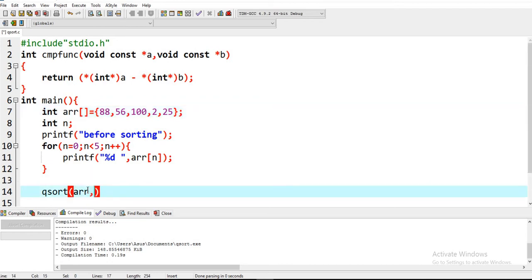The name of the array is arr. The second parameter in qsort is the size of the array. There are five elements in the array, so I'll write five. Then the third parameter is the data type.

...

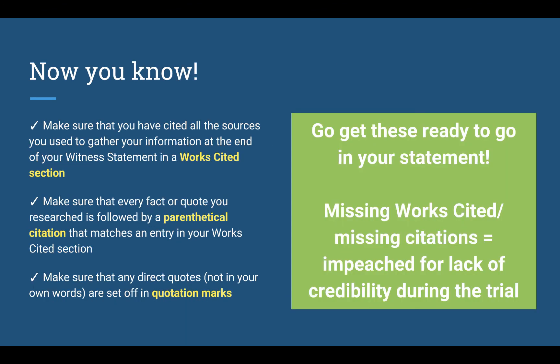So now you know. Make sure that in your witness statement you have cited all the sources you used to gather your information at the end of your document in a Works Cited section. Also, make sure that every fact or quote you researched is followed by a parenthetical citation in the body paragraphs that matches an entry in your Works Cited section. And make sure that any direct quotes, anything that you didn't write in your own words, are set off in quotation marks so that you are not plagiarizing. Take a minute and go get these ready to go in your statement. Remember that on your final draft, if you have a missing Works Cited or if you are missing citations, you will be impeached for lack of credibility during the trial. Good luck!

--

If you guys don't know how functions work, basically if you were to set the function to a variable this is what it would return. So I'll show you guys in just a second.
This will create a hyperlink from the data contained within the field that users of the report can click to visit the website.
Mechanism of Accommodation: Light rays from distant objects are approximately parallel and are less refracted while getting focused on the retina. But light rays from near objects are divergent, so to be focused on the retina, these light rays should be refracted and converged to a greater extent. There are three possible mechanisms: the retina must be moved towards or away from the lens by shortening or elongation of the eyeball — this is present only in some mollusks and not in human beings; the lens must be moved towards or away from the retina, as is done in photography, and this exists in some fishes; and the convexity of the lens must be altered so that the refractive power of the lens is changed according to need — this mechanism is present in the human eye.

Aim of the task: Repeat word for word the lines above that run from the line containing "If you guys" through the line containing "This will create", both ends included, and nothing else.

Written solution:
If you guys don't know how functions work, basically if you were to set the function to a variable this is what it would return. So I'll show you guys in just a second.
This will create a hyperlink from the data contained within the field that users of the report can click to visit the website.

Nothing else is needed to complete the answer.